During the COVID-19 epidemic, federal emergency powers were used to increase the use of telemedicine for new and ongoing care, including the administration of medications for opioid use disorder (MOUD). For a study, researchers sought to investigate the use of telehealth services, the acquisition and retention of MOUD (methadone, buprenorphine, and extended-release [ER] naltrexone), and overdoses that were treated medically both before and after the COVID-19 epidemic.

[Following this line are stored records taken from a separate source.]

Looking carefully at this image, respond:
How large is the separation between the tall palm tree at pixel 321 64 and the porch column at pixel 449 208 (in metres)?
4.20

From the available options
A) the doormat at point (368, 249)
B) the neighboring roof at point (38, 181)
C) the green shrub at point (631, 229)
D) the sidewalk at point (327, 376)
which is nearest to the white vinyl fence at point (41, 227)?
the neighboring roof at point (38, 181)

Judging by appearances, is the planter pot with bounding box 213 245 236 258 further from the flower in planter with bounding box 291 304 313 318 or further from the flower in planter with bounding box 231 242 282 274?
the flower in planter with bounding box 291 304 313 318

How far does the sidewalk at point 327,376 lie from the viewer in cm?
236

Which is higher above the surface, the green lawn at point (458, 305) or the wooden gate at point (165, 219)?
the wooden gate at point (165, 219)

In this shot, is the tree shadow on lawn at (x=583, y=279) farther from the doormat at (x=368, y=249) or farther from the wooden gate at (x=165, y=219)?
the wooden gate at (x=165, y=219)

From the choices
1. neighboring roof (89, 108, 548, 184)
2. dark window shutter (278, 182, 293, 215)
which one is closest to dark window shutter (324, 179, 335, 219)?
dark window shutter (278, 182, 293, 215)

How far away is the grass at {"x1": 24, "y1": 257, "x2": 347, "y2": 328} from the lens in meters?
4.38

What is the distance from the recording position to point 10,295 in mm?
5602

Data from the US Centers for Medicare & Medicaid Services from September 2018 to February 2021 were utilized in the exploratory longitudinal cohort research. Medicare fee-for-service beneficiaries 18 years of age and older with an International Statistical Classification of Diseases, Tenth Revision, Clinical Modification OUD diagnosis were divided into 2 cohorts (before the COVID-19 pandemic from September 2018 to February 2020 and during the COVID-19 pandemic from September 2019 to February 2021).

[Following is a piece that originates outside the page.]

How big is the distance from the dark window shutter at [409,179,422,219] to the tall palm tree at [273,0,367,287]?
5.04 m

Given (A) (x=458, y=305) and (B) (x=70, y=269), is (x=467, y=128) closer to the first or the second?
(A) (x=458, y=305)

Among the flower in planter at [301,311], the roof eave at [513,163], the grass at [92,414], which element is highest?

A total of 105,240 beneficiaries made up the pre-COVID-19 pandemic cohort; 61,152 (58.1%) of them were women, 71,152 (67.6%) were between the ages of 45 and 74, and 82,822 (79.5%) were non-Hispanic White. The COVID-19 pandemic cohort consisted of 70,538 recipients; of them, 40,257 (57.1%) were women, 46,793 (66.3%) were between the ages of 45 and 74, and 55,510 (79.7%) were non-Hispanic White. The pandemic cohort got more telehealth services related to OUD (13,829 [19.6%] vs 593 [0.6%]; P<.001), mental health (28,902 [41.0%] vs 1,967 [1.9%]; P<.001), and MOUD (8,854 [12.6%] vs 11,360 [10.8%]; P<.001) throughout the research period than the prepandemic cohort did. Similar numbers of people (18.5% [19,491 of 105,240] in the prepandemic cohort vs. 18.4% [13,004 of 70,538] in the pandemic cohort; P=.65] had an overdose that required medical attention during the study period. Receiving OUD-related telehealth services was linked to higher odds of MOUD retention (aOR, 1.27; 95% CI, 1.14–1.41) and decreased odds of medically treated overdose (aOR, 0.67; 95% CI, 0.63-0.71) in the pandemic cohort. Beneficiaries in the pandemic cohort who received MOUD exclusively from opioid treatment programs (aOR, 0.54; 95% CI, 0.47-0.63) and those who received buprenorphine exclusively from pharmacies (aOR, 0.91; 95% CI, 0.84-0.98) had lower odds of having an overdose that required medical attention than those who did not receive MOUD.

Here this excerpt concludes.